Short web captions

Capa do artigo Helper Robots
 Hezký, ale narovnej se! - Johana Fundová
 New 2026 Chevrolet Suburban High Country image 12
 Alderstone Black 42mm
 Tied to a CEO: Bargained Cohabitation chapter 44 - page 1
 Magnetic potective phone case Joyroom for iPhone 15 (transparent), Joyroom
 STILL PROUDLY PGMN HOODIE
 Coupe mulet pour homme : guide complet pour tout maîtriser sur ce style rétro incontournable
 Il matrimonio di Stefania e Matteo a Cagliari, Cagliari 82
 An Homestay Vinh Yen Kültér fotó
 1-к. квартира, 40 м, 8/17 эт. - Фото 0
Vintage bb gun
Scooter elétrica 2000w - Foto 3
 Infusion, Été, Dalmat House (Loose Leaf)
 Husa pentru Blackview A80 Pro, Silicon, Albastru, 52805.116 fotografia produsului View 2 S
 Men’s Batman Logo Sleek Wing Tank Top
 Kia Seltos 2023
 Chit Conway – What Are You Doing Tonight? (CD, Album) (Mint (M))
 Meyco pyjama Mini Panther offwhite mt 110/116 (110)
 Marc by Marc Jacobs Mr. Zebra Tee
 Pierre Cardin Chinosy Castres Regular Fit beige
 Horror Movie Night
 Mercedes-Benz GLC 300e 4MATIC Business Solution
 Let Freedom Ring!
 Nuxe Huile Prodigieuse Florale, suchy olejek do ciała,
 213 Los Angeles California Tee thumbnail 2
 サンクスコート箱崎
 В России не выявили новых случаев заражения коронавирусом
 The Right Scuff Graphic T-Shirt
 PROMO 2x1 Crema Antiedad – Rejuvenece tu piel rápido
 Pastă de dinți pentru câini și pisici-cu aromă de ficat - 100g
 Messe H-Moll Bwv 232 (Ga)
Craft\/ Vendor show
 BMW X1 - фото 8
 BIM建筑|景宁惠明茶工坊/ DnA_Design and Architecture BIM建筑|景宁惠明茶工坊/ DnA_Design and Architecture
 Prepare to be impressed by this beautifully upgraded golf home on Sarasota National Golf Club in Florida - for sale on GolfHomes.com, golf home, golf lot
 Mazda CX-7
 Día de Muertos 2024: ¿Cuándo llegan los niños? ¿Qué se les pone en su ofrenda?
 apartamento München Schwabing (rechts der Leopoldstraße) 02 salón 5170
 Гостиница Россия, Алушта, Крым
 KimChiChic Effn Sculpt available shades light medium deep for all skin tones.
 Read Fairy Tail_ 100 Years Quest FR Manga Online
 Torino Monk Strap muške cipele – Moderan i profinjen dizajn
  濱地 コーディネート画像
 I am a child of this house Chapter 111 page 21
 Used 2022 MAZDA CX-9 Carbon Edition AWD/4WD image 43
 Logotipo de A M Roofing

- _ASSIGNED TASK_
Pull every line holding "image" out of the records.

- _EXERCISE RESPONSE_
 New 2026 Chevrolet Suburban High Country image 12
 Used 2022 MAZDA CX-9 Carbon Edition AWD/4WD image 43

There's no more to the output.